> **Exercise prompt**: The reply should match the listing below character for character, except that no image is carried over.

───── Data below ─────

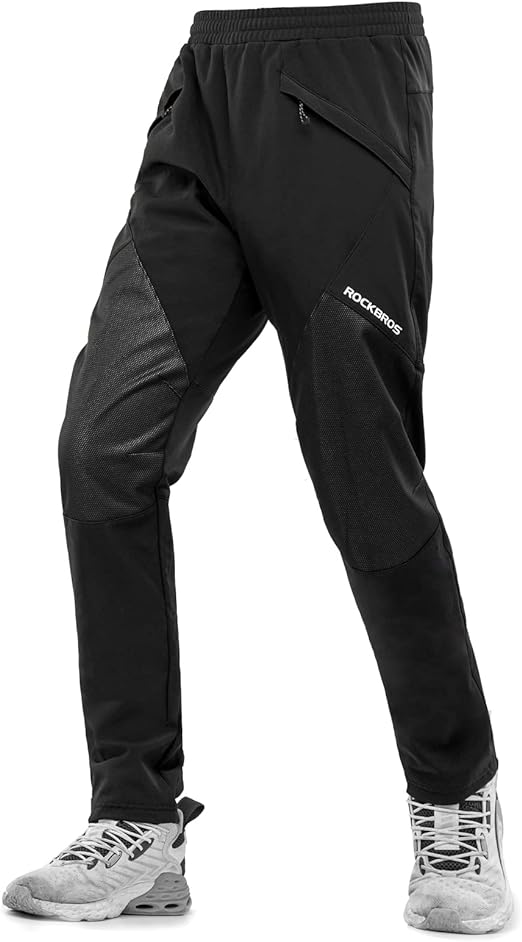 ROCKBROS Vinterbukser Herre cykelshorts vindtætte termiske cykelshorts M-4XL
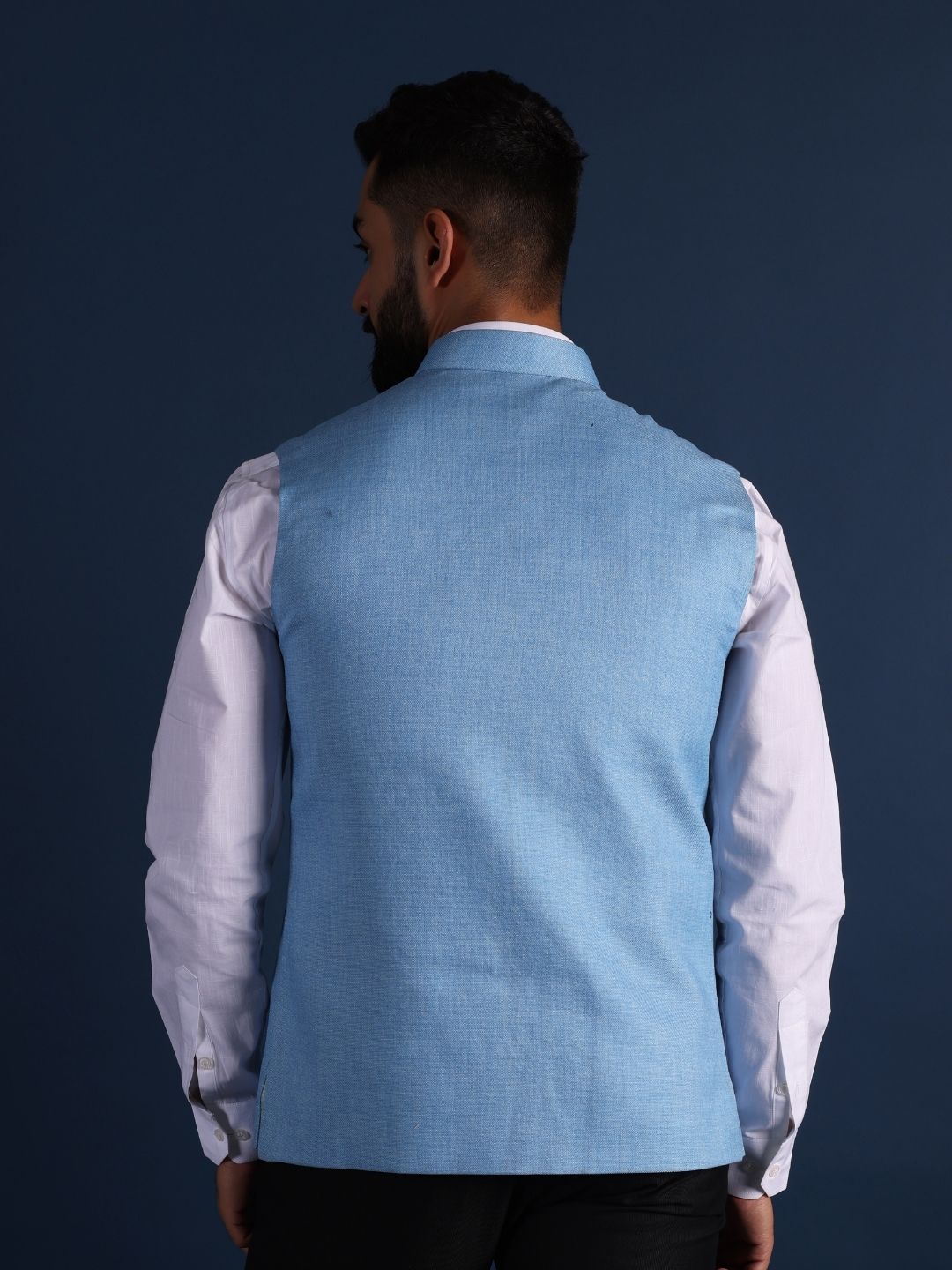 Jute Cotton Nehru Jacket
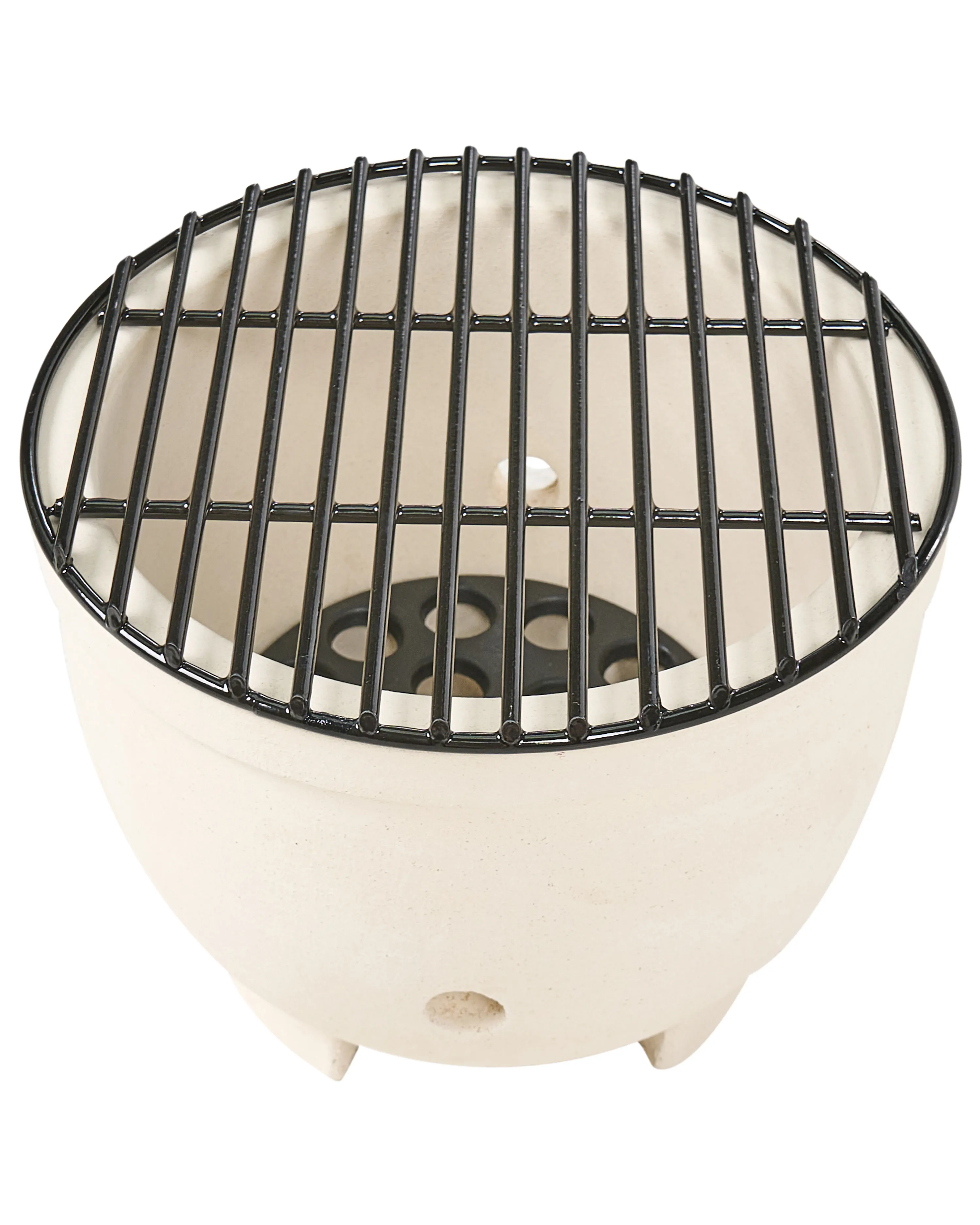 Mini houtskoolgrill KAMADO Keramiek Blauw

─────

> **Task output**:
 ROCKBROS Vinterbukser Herre cykelshorts vindtætte termiske cykelshorts M-4XL
 Jute Cotton Nehru Jacket
 Mini houtskoolgrill KAMADO Keramiek Blauw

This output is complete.